さらに、次の要件をすべて満たしていれば特例的に「1年間程度の研修」で総合診療専門医試験の受験資格を得ることも可能です(内科研修と総合診療研修との内容重複が大きいと認められるため)。
▼内科専門研修プログラムの施設で、かつ、総合診療専門研修プログラムにおける総合診療II施設として認められた医療機関である
▼内科学会指導医と日本専門医機構認定総合診療(特任)指導医の両方の資格を有する指導医(デュアル指導医)のもとで6か月以上研修する(内科学会指導医のみで行う内科選択研修の上限は6か月)。
▼「内科専門研修」および「総合診療専門研修における総合診療II分野研修」としてダブルカウント可能な研修である
▼総合診療領域のオンライン研修手帳「J-GOAL」を用いて総合診療の視点から評価を受ける
▼総合診療IIに相当する研修の登録については、登録管理料・システム使用料の支払いが必要となる。総合診療専門研修プログラムの内科分野研修に加え、総合診療II分野研修が免除されるため、研修の分野および期間は「総合診療I研修を6か月」「小児科研修を単独で3か月、救急科研修を単独で3か月」受ける
このため、最短で2022年度中に「内科+総合診療」のダブルホルダーが誕生する可能性があります。研修はカリキュラム制で行われ「最長10年間」にわたる単位取得(=受験資格)が認められます(合計単位取得数を持って、例えば「救急科の3か月研修を終えたか否か」などを判断する)。
寺本理事長は「総合診療専門医が内科専門医資格を取得しようとする場合にも、同程度の研修期間で受験資格を得られることになろう」と見通すとともに、他の基本領域においてもダブルボード取得に向けたルールが整備されることに期待を寄せました。
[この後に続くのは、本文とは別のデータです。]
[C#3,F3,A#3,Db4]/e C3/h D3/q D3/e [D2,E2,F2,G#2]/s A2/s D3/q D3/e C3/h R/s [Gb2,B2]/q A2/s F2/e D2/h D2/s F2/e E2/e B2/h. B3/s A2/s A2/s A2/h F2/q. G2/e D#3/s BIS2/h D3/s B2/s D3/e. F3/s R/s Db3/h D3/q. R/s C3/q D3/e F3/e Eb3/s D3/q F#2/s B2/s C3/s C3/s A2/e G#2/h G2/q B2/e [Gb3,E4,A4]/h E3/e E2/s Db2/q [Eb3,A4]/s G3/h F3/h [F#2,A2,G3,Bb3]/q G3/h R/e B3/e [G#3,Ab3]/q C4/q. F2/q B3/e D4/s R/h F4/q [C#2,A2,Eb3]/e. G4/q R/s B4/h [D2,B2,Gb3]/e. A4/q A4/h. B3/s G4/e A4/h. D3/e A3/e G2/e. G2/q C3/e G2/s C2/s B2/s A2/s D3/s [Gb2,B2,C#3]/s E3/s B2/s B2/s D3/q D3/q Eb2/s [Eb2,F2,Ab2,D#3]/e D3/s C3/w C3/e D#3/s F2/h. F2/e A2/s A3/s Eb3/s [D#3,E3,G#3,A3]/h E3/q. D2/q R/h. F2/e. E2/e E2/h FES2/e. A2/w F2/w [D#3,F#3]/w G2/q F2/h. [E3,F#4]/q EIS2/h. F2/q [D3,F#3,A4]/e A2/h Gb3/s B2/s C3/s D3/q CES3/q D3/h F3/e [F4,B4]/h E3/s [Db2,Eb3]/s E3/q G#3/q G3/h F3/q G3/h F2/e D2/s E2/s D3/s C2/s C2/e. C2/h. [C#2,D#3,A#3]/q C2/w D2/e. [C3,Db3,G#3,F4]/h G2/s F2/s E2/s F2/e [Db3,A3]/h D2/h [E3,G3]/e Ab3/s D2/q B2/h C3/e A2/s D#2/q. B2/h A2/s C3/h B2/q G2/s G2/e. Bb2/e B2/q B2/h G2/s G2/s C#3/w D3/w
「基本領域」→「サブスペ領域」という専門性を追求するキャリアだけでなく、「A基本領域」→「B基本領域」という具合に専門性を広げていくキャリア(ダブルホルダー、トリプルホルダー)も重要であり、この観点から「ダブルボード取得がしやすいルール」(ただし質の確保が大前提)が整備されていくものと期待されます。
内科・小児科・外科で専攻医「減」の可能性、「当該領域を地方で研修する」枠の拡大検討
また上述のとおり「2022年度から新専門医研修を受講し始める専攻医の採用状況」についての報告も行われ、1次募集に関する採用数は「8658名」、2次募集結果を含めると「9400名程度と見込まれる」旨が寺本理事長から報告されています。
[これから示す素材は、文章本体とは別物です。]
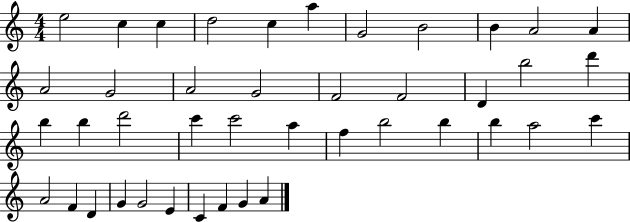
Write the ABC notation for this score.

X:1
T:Untitled
M:4/4
L:1/4
K:C
e2 c c d2 c a G2 B2 B A2 A A2 G2 A2 G2 F2 F2 D b2 d' b b d'2 c' c'2 a f b2 b b a2 c' A2 F D G G2 E C F G A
ただし、例年と比べ▼内科▼小児科▼外科▼泌尿器科▼脳神経外科—といった領域では「研修プログラムへの応募・採用」が減少しているようです。要因分析は今後を待つ必要がありますが、基本領域・学会からは「シーリング(採用上限数)のせいではないか」との批判も出ているようです。
新専門医制度についても「専門医の質を追求するあまりに養成施設の要件が厳しくなり、地域間・診療科間の医師偏在が助長されてしまうのではないか」との声が医療現場にあることから、▼日本専門医機構▼学会▼都道府県▼厚生労働省—が重層的に「医師偏在の助長を防ぐ」仕組みを構築・運用しています。
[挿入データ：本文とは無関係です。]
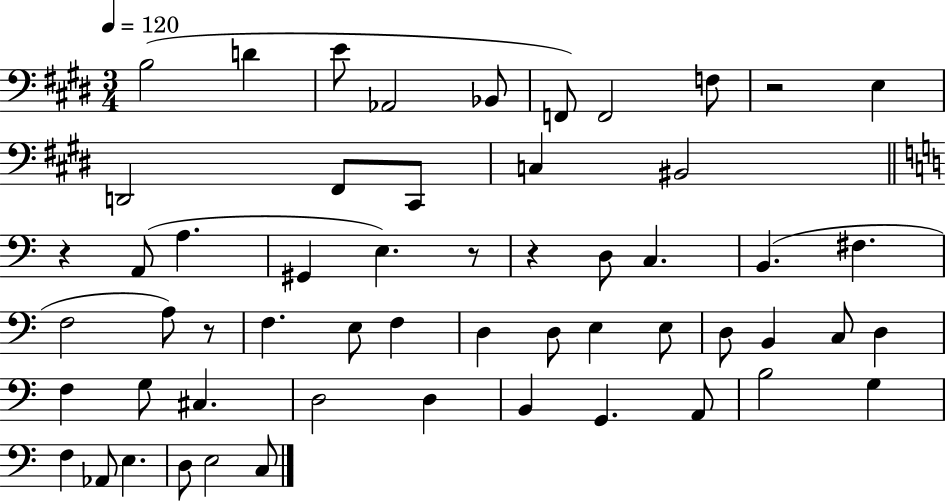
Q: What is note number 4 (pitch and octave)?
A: Ab2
その1つが「地域・基本領域ごとの専攻医採用数に上限を設ける」仕組み(シーリング)で、2020年度採用分からは、厚生労働省の試算した「都道府県別・診療科別の必要医師数」に基づいて、▼「既に必要医師数を確保できている」と考えられる都道府県・診療科ではシーリング(採用数に上限)を設ける▼採用数の一部を「他の都道府県での研修」に充てるプログラム(連携プログラム)とする―ものです(関連記事はこちらとこちらとこちらとこちらとこちらとこちらとこちら)。
「医師が多い」地域・診療科から「医師が少ない」地域・診療科へ医師が動くことを期待するものですが、「医師養成がさらに必要」と考えられる上記領域で「募集・採用が減っている」点を寺本理事長も心配しています。このため、「内科や小児科など、さらに養成が必要な基本領域については『地方での研修』枠を膨らませる(上述した連携プログラムを拡大sうる)ような仕組みを検討している」ことを寺本理事長は明らかにしています。2023年度採用数に向けては「シーリングの枠組み」が少し見直される可能性があります。